You aren't treating me disrespectfully - you're treating those supposedly reputable universities with (presumably germane) courses on religion philosophy or comparative religion disrespectfully, by attributing to them a glaring lack of scholarliness and limited comprehension of their own fields.
Billions of people and thousands of years is not an exaggeration, you know. The Bhagavad Gita is literally that influential and revered. Disagree with it's teachings if you will, but to refuse to acknowledge it's global influence and acceptance is simplistic bigotry, not discussion.
And your tired repetition of the word "tract" is a sophmoric insult, meant solely to express disrespect while declaiming otherwise. How clever of you.
While you're at it, why not simply claim that India itself is inhabited by vast swaths of illiterate masses who's beliefs, practices, rituals and customs can only charitably be described as barbaric and unfit for accommodation in western societies?
Oh wait, you already did.
You write: “you’re treating those supposedly reputable universities with (presumably germane) courses on religion philosophy or comparative religion disrespectfully, by attributing to them a glaring lack of scholarliness and limited comprehension of their own fields.”
This comment suffers from twin defects. Why do you accuse “me” for reporting the historical fact of what university faculty committees sift for debate they consider worthy of rational thought in which the Gita gets a footnotes’ worth of reference? Second, you then insinuate that this omission constitutes a glaring lack of scholarship.
The problem with this line of reasoning is that first you rightly demand scholarship and debate and then complain of a lack of scholarship if scholars decide to relegate the Gita to the ether.

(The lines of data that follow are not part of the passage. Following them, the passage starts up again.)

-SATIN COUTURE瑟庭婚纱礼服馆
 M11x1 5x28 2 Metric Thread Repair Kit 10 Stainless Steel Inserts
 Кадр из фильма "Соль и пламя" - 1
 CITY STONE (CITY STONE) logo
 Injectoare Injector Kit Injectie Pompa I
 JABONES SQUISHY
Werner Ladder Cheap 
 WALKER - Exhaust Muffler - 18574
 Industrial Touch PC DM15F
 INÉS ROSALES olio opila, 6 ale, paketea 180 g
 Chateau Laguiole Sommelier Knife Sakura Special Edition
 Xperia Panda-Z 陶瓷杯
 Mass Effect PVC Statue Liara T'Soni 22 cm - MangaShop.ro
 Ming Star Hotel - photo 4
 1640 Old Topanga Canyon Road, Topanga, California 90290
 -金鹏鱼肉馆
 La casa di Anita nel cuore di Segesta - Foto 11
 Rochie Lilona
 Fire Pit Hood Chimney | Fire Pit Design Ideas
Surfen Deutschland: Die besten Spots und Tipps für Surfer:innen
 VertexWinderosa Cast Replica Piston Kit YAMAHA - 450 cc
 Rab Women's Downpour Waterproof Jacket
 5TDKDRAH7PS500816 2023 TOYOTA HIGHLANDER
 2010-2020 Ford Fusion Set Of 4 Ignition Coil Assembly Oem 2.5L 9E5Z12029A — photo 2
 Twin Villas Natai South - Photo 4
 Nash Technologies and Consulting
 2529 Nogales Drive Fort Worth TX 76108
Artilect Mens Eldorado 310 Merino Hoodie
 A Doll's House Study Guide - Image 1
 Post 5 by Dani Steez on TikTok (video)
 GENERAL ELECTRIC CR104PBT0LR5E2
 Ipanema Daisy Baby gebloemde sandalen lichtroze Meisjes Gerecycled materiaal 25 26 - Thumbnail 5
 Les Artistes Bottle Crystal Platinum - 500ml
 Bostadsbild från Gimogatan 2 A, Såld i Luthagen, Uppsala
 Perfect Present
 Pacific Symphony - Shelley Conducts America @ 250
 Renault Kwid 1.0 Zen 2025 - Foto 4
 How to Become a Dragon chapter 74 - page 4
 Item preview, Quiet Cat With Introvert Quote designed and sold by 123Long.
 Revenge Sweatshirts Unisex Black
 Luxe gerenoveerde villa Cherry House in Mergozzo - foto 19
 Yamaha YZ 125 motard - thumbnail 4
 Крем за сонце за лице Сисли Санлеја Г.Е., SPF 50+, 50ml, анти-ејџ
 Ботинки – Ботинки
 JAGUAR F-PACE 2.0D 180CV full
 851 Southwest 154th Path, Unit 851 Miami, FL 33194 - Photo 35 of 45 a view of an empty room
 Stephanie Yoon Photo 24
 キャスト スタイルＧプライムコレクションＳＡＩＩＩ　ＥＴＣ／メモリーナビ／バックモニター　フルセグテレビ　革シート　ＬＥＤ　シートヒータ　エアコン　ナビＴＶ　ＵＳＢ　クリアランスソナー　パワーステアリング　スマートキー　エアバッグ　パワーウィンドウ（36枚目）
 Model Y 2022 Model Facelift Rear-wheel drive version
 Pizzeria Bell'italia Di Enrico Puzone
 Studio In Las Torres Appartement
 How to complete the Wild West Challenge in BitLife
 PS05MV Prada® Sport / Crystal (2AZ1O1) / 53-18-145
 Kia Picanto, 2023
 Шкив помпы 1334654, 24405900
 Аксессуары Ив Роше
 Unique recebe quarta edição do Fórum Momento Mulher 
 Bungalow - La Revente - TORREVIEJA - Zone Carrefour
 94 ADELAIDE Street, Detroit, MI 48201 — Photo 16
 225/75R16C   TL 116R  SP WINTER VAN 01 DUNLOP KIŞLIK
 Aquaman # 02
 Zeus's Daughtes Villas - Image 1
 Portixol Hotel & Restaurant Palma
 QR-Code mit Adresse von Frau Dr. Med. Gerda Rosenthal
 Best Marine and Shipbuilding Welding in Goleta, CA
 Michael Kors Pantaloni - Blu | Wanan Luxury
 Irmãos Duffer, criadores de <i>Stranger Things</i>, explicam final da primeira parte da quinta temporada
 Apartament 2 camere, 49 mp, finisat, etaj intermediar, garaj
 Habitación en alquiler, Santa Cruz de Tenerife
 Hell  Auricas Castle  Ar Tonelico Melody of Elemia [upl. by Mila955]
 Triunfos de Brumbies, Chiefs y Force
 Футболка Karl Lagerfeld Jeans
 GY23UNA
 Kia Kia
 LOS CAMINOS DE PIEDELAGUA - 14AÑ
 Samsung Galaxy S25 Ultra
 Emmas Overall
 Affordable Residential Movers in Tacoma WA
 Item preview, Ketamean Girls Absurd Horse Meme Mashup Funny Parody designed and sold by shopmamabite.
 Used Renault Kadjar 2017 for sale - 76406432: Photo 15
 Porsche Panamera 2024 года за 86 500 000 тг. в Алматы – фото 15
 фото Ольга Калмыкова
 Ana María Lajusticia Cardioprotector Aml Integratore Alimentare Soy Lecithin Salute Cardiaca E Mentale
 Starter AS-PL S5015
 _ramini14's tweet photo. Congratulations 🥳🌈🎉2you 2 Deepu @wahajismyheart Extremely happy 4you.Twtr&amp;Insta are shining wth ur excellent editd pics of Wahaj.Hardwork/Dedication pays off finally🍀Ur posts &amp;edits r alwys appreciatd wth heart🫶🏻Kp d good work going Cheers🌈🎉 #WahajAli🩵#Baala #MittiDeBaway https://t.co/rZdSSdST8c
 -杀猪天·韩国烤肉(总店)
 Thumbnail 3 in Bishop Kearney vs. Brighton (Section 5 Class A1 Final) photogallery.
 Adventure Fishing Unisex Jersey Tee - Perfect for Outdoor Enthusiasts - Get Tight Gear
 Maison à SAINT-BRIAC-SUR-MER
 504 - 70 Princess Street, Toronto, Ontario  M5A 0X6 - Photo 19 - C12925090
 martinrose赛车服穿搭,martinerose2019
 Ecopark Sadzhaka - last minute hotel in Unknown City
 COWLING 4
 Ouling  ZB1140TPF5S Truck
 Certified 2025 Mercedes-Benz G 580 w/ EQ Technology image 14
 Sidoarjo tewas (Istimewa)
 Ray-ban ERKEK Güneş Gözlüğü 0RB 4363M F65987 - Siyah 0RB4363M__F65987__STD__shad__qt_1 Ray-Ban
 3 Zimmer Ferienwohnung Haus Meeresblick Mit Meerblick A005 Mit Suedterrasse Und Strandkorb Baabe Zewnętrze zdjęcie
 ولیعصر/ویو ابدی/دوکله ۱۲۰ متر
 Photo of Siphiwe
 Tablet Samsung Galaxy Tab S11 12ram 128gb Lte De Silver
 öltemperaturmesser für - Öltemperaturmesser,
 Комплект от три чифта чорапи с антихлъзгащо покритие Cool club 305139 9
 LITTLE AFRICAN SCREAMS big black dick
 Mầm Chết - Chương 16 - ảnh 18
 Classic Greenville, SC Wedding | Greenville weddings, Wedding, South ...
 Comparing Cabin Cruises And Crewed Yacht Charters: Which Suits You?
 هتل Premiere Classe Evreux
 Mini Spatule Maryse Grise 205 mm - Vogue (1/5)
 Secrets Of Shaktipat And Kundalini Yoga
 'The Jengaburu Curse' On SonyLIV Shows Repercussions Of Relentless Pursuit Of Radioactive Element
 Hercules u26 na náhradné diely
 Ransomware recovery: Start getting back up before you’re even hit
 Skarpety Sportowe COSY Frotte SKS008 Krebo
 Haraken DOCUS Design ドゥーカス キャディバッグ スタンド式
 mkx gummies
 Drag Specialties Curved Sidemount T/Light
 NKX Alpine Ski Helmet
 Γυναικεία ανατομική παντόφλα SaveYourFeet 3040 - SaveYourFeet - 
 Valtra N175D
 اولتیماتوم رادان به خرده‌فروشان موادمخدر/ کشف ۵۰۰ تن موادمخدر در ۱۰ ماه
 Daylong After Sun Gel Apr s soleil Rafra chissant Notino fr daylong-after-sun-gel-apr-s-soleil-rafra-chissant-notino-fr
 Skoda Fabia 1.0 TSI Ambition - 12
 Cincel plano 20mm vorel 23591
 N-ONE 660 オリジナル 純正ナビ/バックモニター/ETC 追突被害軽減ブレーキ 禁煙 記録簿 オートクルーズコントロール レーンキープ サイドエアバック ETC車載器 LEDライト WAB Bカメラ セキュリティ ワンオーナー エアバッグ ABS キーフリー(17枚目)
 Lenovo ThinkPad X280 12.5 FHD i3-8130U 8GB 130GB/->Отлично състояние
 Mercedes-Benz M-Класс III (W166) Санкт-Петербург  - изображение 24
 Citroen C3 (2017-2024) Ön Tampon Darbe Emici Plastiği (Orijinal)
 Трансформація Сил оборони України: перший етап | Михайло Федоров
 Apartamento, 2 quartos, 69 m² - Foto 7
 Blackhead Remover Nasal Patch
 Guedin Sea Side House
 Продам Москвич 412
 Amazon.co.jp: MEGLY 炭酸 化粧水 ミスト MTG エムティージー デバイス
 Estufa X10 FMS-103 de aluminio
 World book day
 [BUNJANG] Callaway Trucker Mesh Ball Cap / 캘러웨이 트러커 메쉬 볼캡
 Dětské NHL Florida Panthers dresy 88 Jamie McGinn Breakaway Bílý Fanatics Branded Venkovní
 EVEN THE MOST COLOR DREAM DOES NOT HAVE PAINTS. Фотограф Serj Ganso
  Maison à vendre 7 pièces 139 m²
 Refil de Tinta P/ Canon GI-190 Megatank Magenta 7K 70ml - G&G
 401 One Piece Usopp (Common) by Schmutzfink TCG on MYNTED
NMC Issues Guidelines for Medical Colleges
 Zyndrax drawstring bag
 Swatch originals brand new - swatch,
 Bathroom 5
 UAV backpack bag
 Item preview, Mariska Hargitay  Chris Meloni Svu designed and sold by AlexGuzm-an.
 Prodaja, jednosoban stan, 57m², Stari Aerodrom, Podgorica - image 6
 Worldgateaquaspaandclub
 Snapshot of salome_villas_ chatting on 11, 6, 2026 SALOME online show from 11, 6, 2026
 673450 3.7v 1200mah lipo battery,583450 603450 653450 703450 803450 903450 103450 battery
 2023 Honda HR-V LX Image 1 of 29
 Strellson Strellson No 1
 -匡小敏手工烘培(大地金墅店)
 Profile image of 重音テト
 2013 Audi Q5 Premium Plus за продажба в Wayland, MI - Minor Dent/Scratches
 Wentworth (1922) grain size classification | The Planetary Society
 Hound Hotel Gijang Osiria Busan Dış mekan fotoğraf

And, then you chide me for a “sophomoric” description by calling the Gita a tract.
Of course would you not agree that “India itself is inhabited by vast swaths of illiterate masses who’s beliefs, practices, rituals and customs can only charitably be described as barbaric and unfit for accommodation in western societies” if explained in the context that Hindus of this perspective are prone to kill and torch when attempts are made to engage them in “rational” inquiry about the validity of their beliefs as a prelude to conversion?